Joint Information-Theoretic Secrecy and Covert Communication in the Presence of an Untrusted User and Warden

Abstract

In this article, we investigate joint information-theoretic secrecy and covert communication in a single-input–multioutput (SIMO) system where a transmitter (Alice) is communicating with two legitimate users (Bob and Carol). We consider that an untrusted user and a warden node are also present in the network attempting to attack the secure and covert communications to Bob and Carol, respectively. Specifically, Bob requires secure communications such that his messages from Alice are not decoded by the untrusted user, while Carol requires covert communications such that her messages from Alice are not detected by the warden.
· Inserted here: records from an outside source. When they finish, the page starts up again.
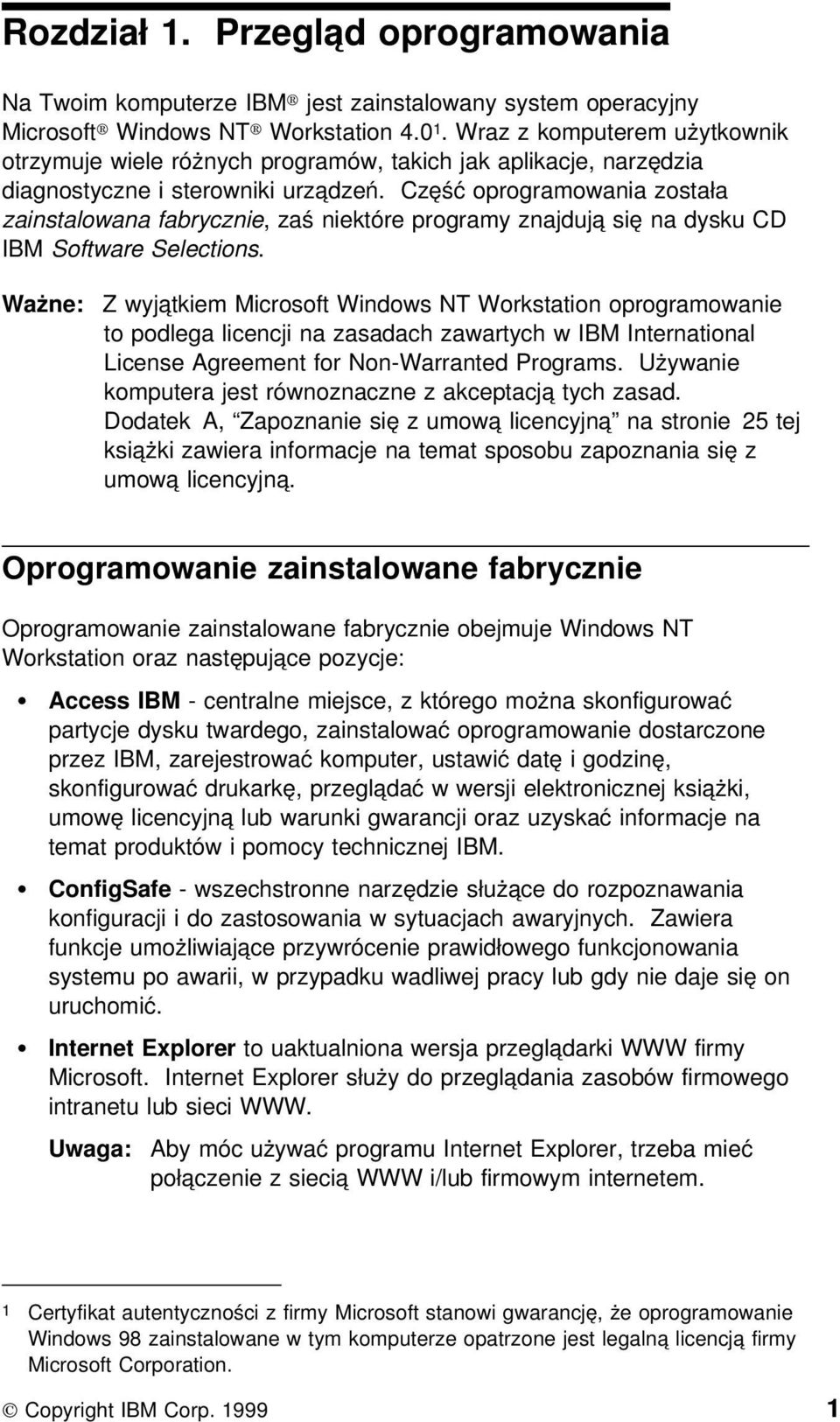 Część oprogramowania została zainstalowana fabrycznie, zaś niektóre programy znajdują się na dysku CD IBM Software Selections.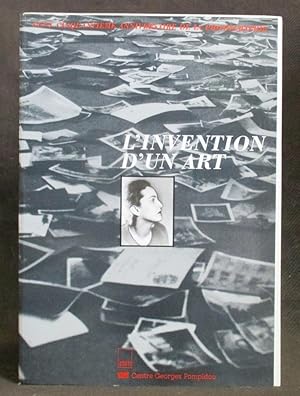 Image du vendeur pour L'Invention d'un Art : Cent Cinquantime Anniversaire de la Photographie mis en vente par Exquisite Corpse Booksellers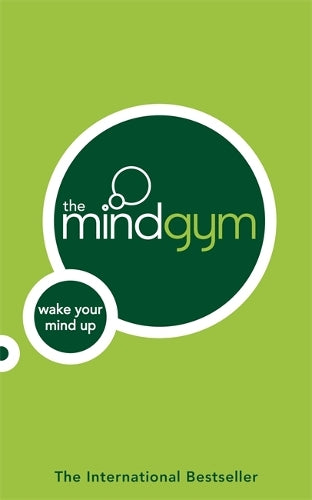 The Mind Gym: Wake Up Your Mind: Wake Your Mind Up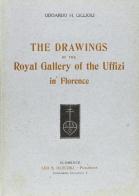 The Drawings of the Royal Gallery of the Uffizi in Florence di Odoardo Giglioli edito da Olschki
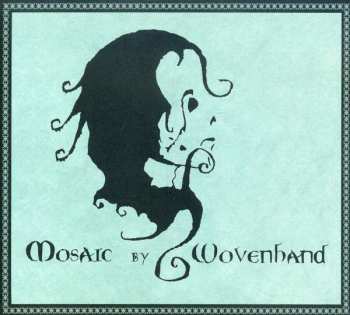Album Woven Hand: Mosaic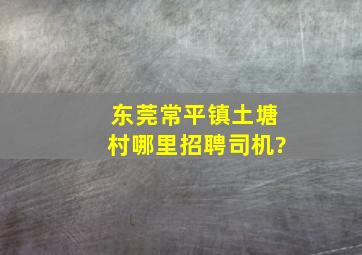 东莞常平镇土塘村哪里招聘司机?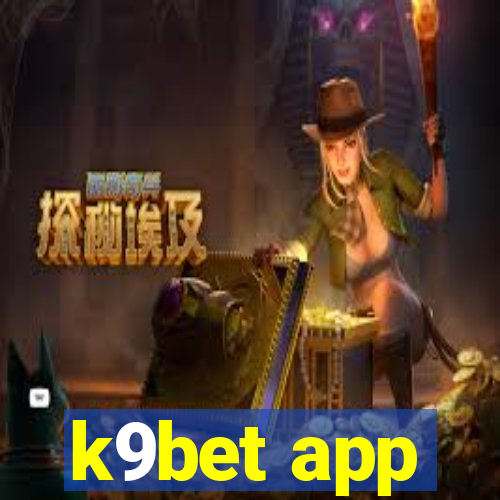 k9bet app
To do so, we consider that Alice transmits Carol’s messages during selected time slots to hide them from the warden while also transmitting Bob’s messages in each time slot contentiously. We formulate an optimization problem with the aim of maximizing the average rate subject to a covert communication requirement and a secure communications constraint. Since the proposed optimization problem is nonconvex, we utilize successive convex approximation to obtain a tractable solution. Moreover, we extend our proposed system model to multiple antenna Alice scenario and find beamforming vectors so that the average sum rate is maximized. Furthermore, we consider practical assumptions that Alice has imperfect knowledge of the warden’s location and imperfect channel state information (CSI) of Bob and Carol. Our numerical examples highlight that the imperfect CSI at Carol has a more detrimental impact on the average rate compared to imperfect CSI at Bob.